Data Normalization

An application of the floating reference hypothesis is normalization of data prior to evaluation of the SPA for a fixed reference hypothesis. Suppose we would like to evaluate

$\displaystyle J({\bf x};H_0,T)= {p_x({\bf x}\vert H_0) \over p_z({\bf z}\vert H_0)},$ (2.16)
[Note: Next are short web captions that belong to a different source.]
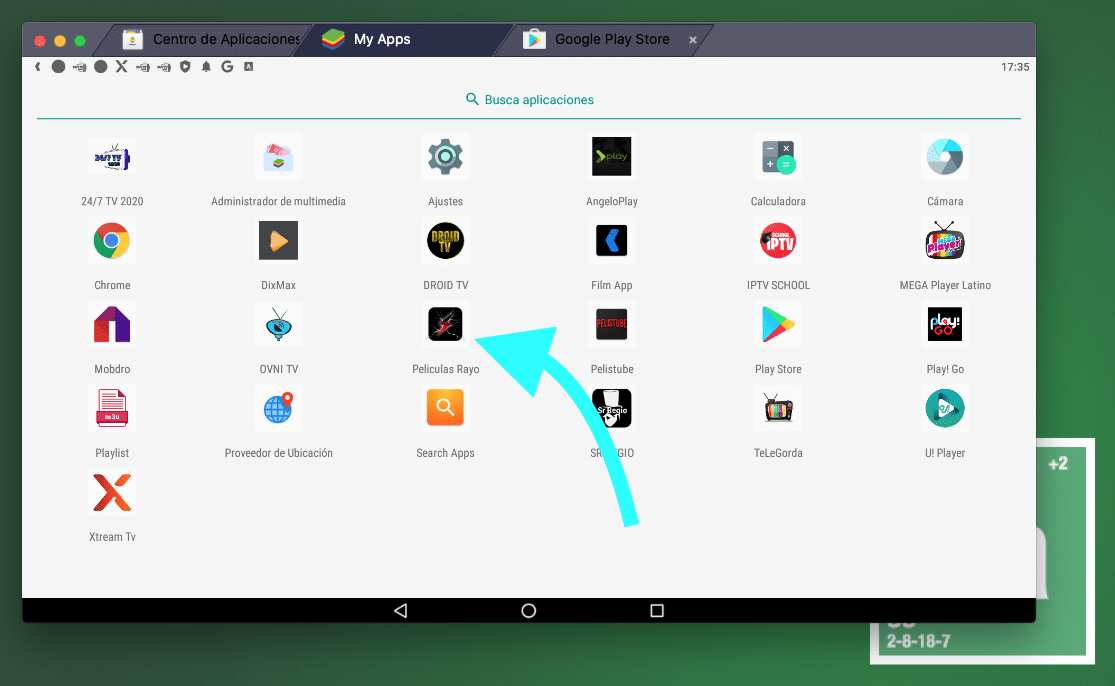 Películas relámpago para Mac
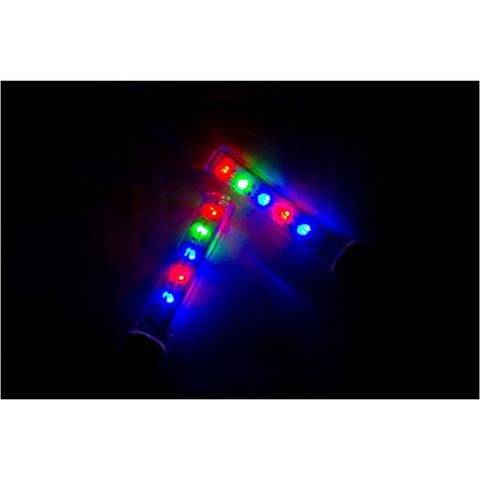 Van Xe Phát Sáng Đèn LED 5 Bóng - Đèn Gắn Xe Đạp, Xe Máy, Ô Tô - Nhiều Màu Sắc Phát Quang Khi Bánh Quay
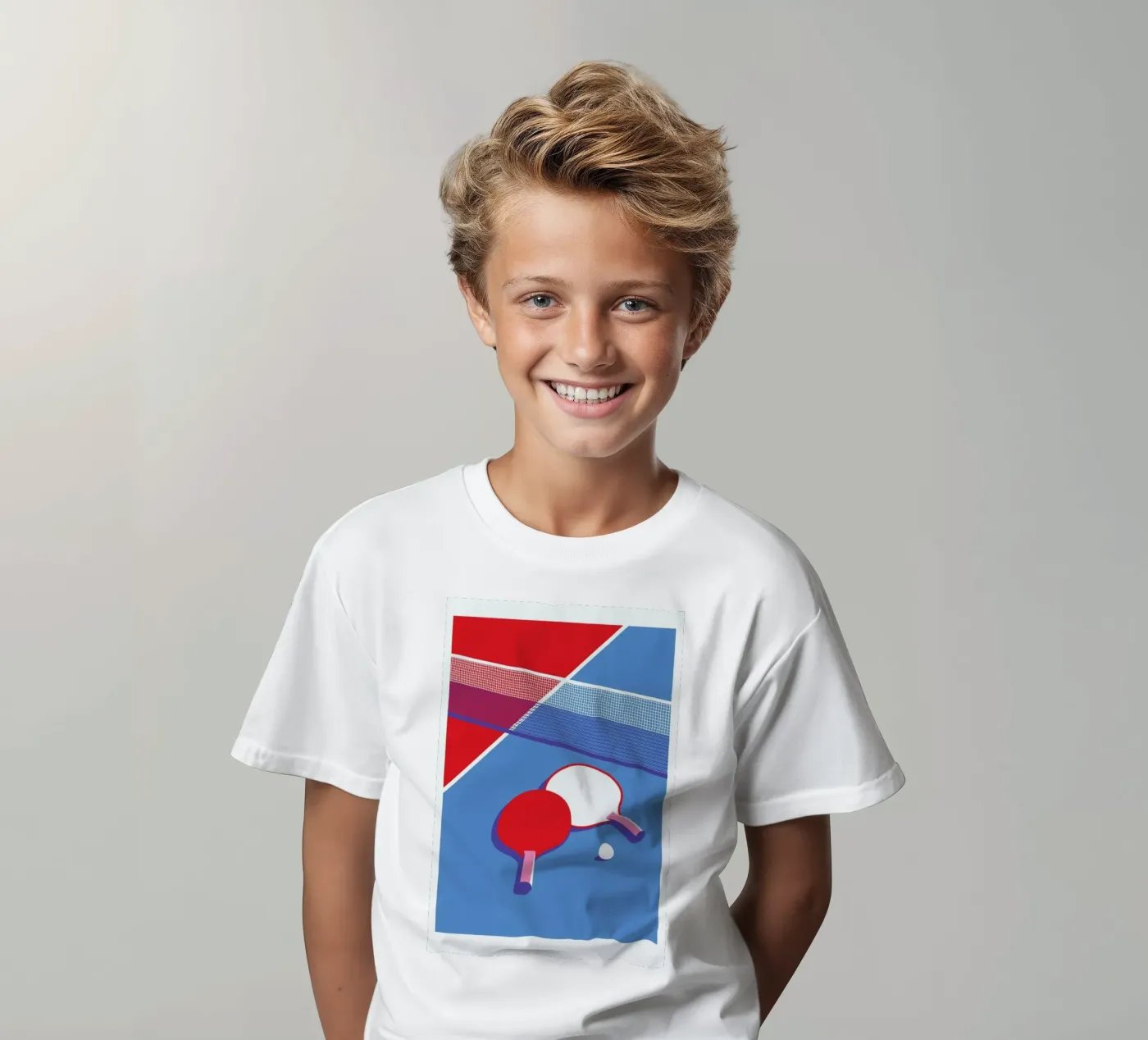 Ping Pong t-shirt bambini da Pietari Posti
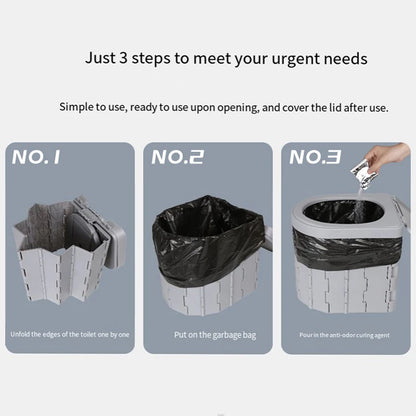 Outdoor Folding Toilet Portable Car Toilet Travel Self-driving Tour Camping Toilet Emergency Toilets for Adults Women Children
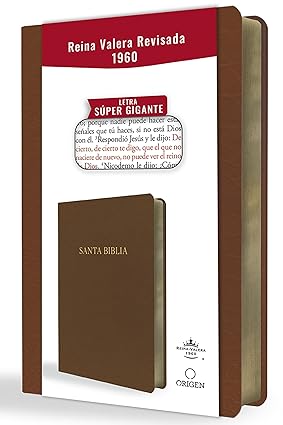 Biblia, letra súper gigante, símil piel marrón - RVR 1960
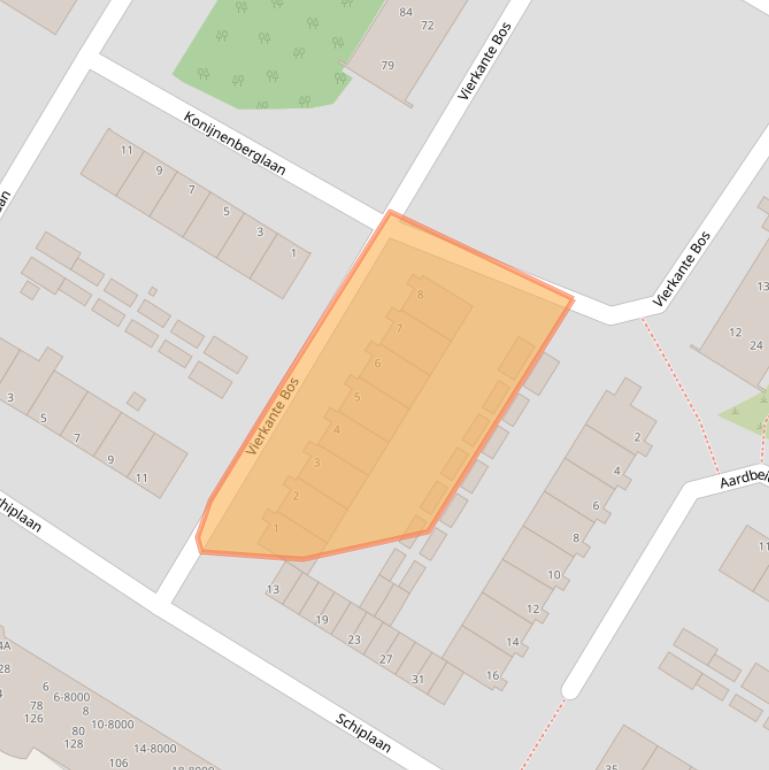 Kaart van postcodegebied 1974LM.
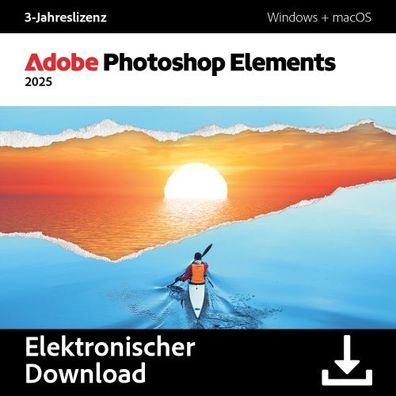 Adobe Photoshop Elements 2025 / WIN/MAC / 1PC / 3-Jahre / ESD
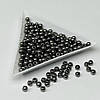 (20 грам) Намистини пластик Ø4мм - чорний хром, фото 2
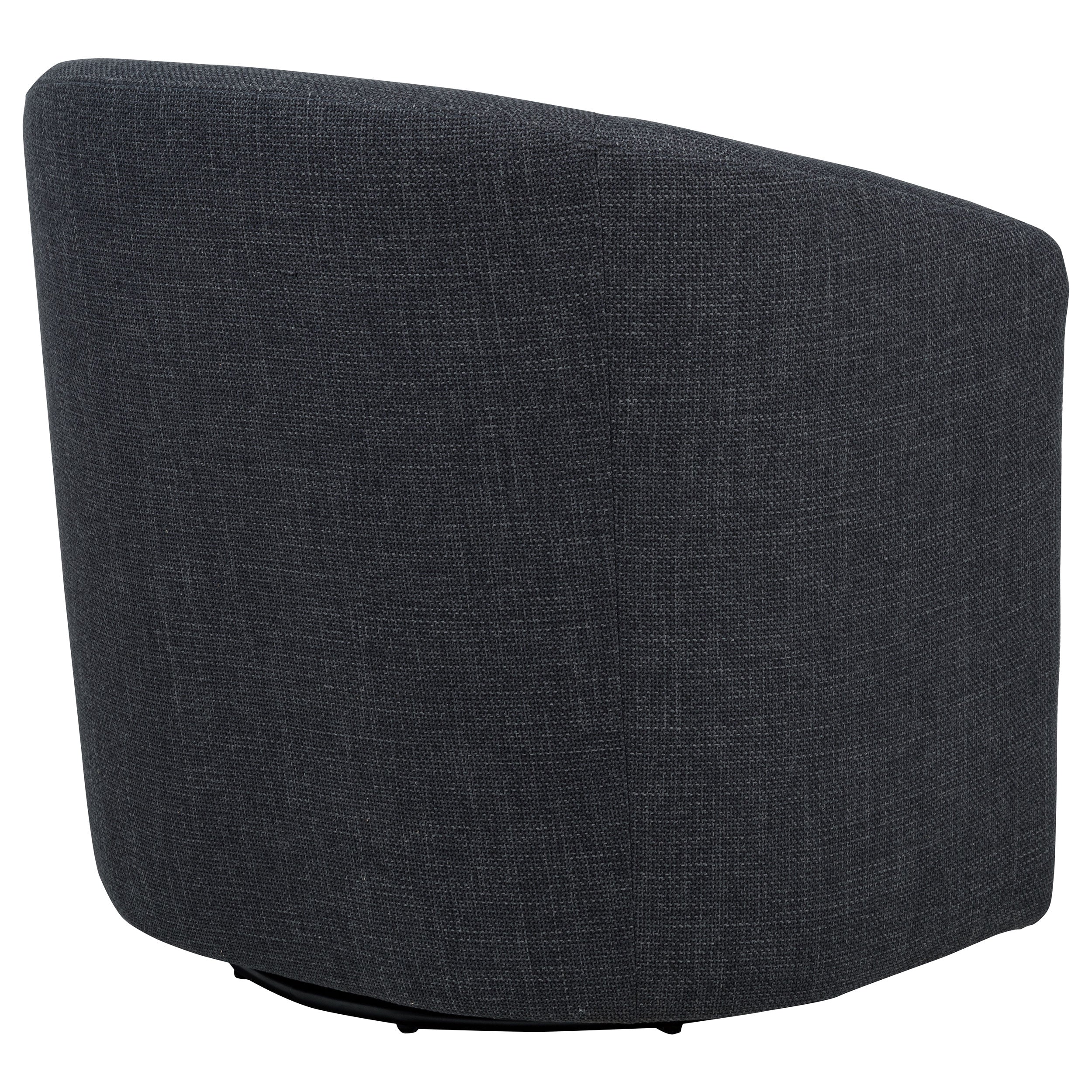 Mossbrook Fabric Upholstered Swivel Accent Chair Anthracite — view 7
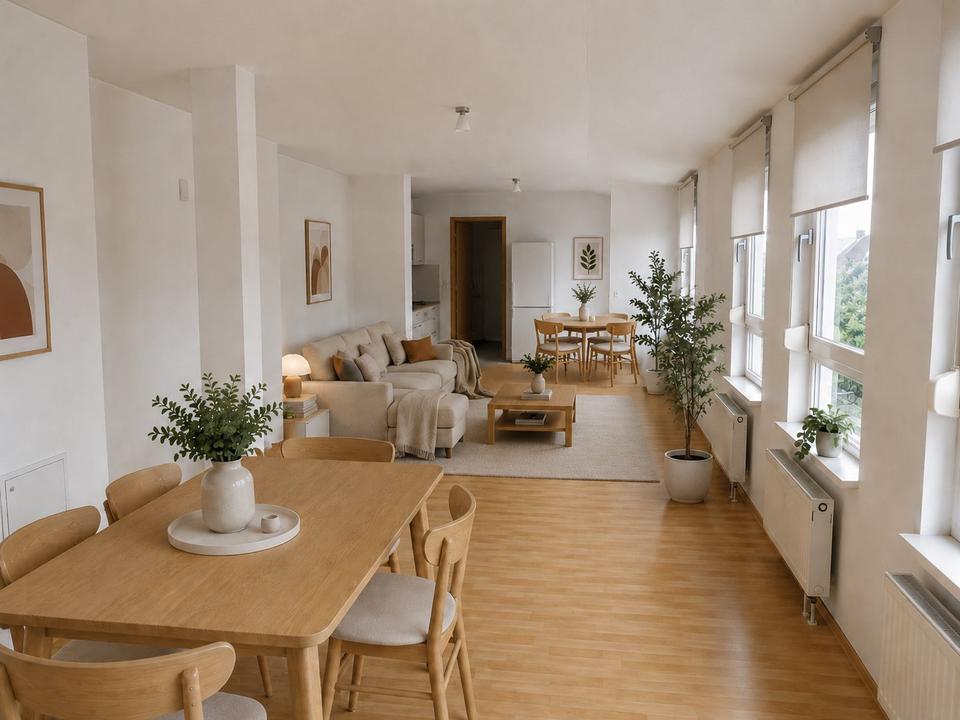 Thumbnail-Stilvolle möblierte 3-Zimmer-Dachgeschosswohnung mit Dachterrasse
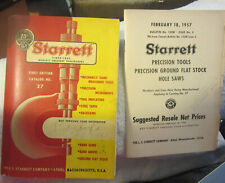 1957 LS Starrett Tools Catalog 27 Precision Instruments,w net prices Vintage picture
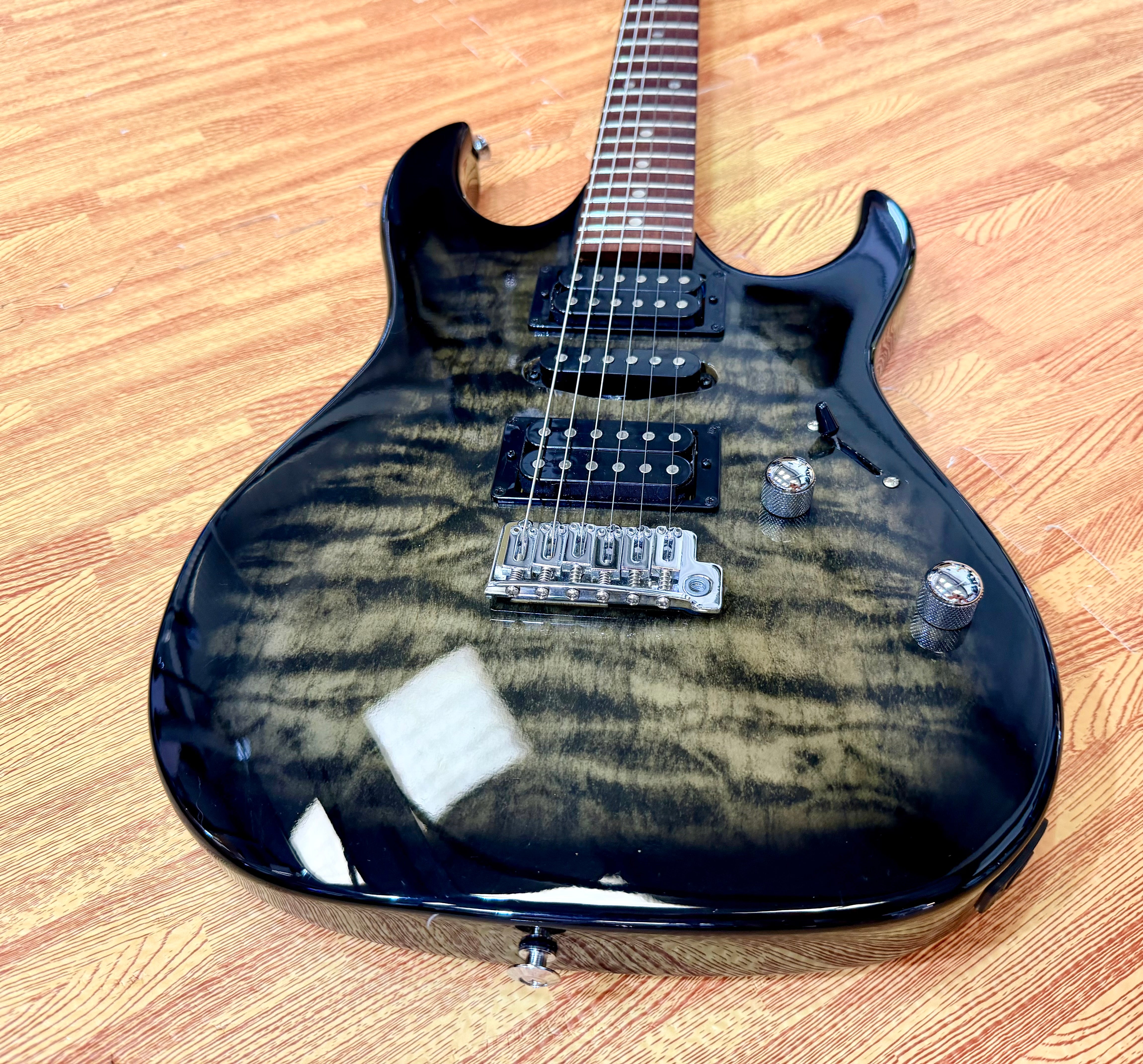 🔥 Ibanez GRX70QA-TKS Transparent Black Burst~ Electric Guitar~2021 Model 🔥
for arbitrary vectors ${\bf x}$. Let $v$ be an estimate of the scale of ${\bf x}$, either a sample variance, sample mean, or standard deviation estimate. Important is that as ${\bf x}$ is scaled, all the elements of ${\bf z}$ will vary in proportion to $v$:

$\displaystyle {\bf z}\sim v \frac{{\bf z}}{\Vert{\bf z}\Vert}.$

Let $H_v$ be a reference hypothesis that depends on $v$. As long as the feature ${\bf z}$ contains $v$, or $v$ can be computed from ${\bf z}$, then $H_v$ remains in the ROS of ${\bf z}$. Thus, equation (2.13) is theoretically independent of $H_v$,

$\displaystyle {p_x({\bf x}\vert H_0) \over p_z({\bf z}\vert H_0)}
={p_x({\bf x}\vert H_v) \over p_z({\bf z}\vert H_v)}.
$

If the elements of ${\bf z}$ are linearly related to $v$, we may write

$\displaystyle p_z({\bf z}\vert H_v) = v^{-D} \; p_z(v^{-1} {\bf z}\vert H_0),
$

where $D$ is the dimension of ${\bf z}$. Therefore,

$\displaystyle J({\bf x};H_0,T)= v^D \; {p_x({\bf x}\vert H_v) \over p_z({\bf z}/v\vert H_0)},$ (2.17)

which provides a convenient way to normalize ${\bf z}$ prior to calculating the SPA.